普段と違うところは、私たちより少し年配と見られるペアが目立ったことです。駐車場の混みようと不慣れな買い物かごの持ち方を見ると、ご亭主は運転手としてつき合わされたのでしょう。収入アップが見込めない昨今では、少しでも出費を抑えようとのまとめ買いは当たり前のことです。4月に入ってからの店内は、先月末の喧噪が信じられない静けさでした。それでも10日を過ぎる頃には、まとめ買いが底をついてきたのでしょうか、客の数も少しずつ戻ってきたようです。

4月21日、本年3月のスーパー売上高が前年同月比9.4%の増加であったと日本チェーンストア協会から発表がありました。全国一斉に増税前のまとめ買いが行われたという結果でしょう。大部分の国民は将来の不安を拭うために増税を受け入れたように見えますが、果たしてそうでしょうか。過去には大きな反対の声が政治を揺るがし、導入や増税を断念させてきたことがありました。

昭和53年(1978年)、第1次大平内閣時に一般消費税導入案が浮上するも総選挙の結果を受け撤回。昭和61年(1986年)、第3次中曽根内閣時に売上税法構想が浮上するもマスコミや国民は反発。そして昭和63年(1988年)、竹下内閣時に消費税法が成立し12月30日公布。平成元年(1989年)4月1日消費税法施行、税率3%。戦後最大の贈収賄事件と言われたリクルート事件も発覚し、支持率が急激に低下、半年後に辞任。平成6年(1994年)、細川内閣は国民福祉税と名を変え税率を7%にする案を打ち出すも、世論の批判を浴び翌日に白紙撤回。

平成9年(1997年)、橋本内閣は村山内閣が地方消費税の導入と税率5%への引き上げを内定していたものを実施。折からの不景気にも見舞われ、翌年の参議院選挙で惨敗、責任を取って辞任。平成24年(2012年)、民主党政権は「4年間は上げない」との公約を投げ捨て、密室談合のすえ改定消費税法成立。総選挙では厳しい審判が下された。

このように消費税は政権党にとっては命がけの政治課題でした。今回の増税も、ブレーキをかけるどころか暴走に手を貸すように変質してきたマスコミが後押しし、崩壊寸前の民主党野田政権と巻き返しを狙う自民党が、密室で国民不在のうちに決めたものでした。

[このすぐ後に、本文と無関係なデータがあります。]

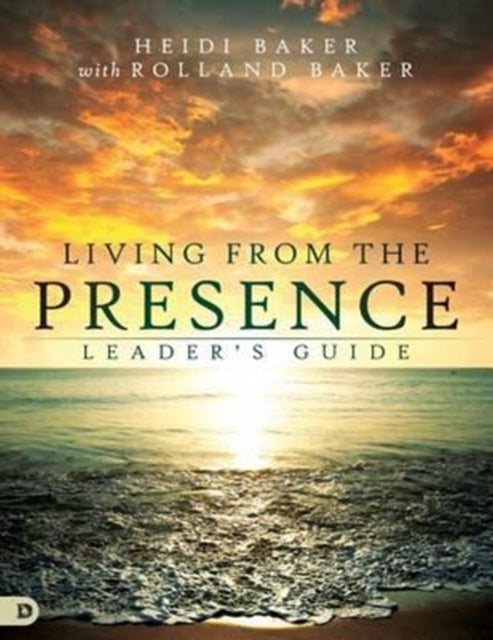 Book cover of: Living From The Presence Leader's Guide. By: Heidi Baker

安倍政権になってからも、政府は国民に、「赤字財政をどうする」「将来に負担を押し付けるのか」「社会保障は破たんする」などと脅しをかけ、「増税は仕方ない」と思わせるように誘導をしてきたのです。来年には、10%への増税が待っていますから、庶民は一層の負担と節約が強いられます。

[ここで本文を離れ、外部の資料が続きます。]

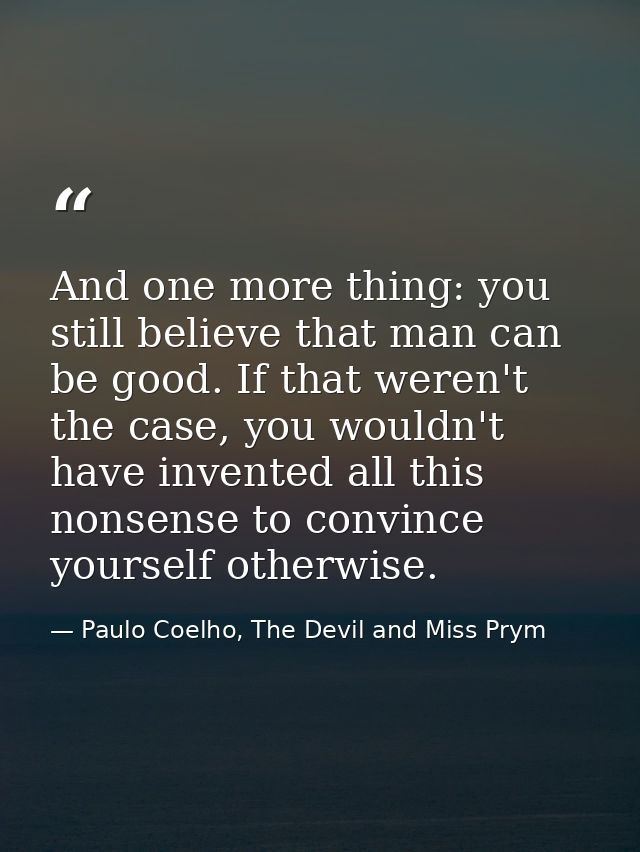 And one more thing: you still believe that man can be good. If that weren't the case, you wouldn't have invented all thi — Paulo Coelho, The Devil and Miss Prym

節約という言葉で浮かんでくるのは、「欲しがりません、勝つまでは」という標語です。大正生まれの両親から戦時中の苦労話をさんざん聞かされました。

もう一つ浮かんでくるのは、江戸時代後期の米沢藩主の上杉治憲(17511822)のことです。上杉鷹山と言ったほうが通るでしょうか。広辞苑などでは、財政的に破産状態にあった藩の改革を自ら率先して倹約を行い、新田開発をして耕地を増やし、養蚕など産業に力を入れ藩財政の再建を果たしたとあります。

私は作家藤沢周平さんの時代小説が好きで、ずいぶん読んでいます。その中に「漆の実のみのる国」という長編小説があり、鷹山の生涯を深く掘り下げて書いてあります。

高鍋藩主の次男に生まれ、米沢藩主上杉重定の養子となり、元服を終えた翌年17歳で藩主となりました。小説ですからいくらか脚色はあると思いますが、随所に書かれている鷹山の考え方は、現在にも教訓となるところがあります。藩主の座を引き受けた直後に詠んだ和歌や、国元の春日社に納めた誓詞、密かに使いを派遣して同じ国元の白子神社に納めた誓詞(125年後の明治24年(1891年)に奥殿から発見された)などは改革への並々ならぬ覚悟が伝わってきます。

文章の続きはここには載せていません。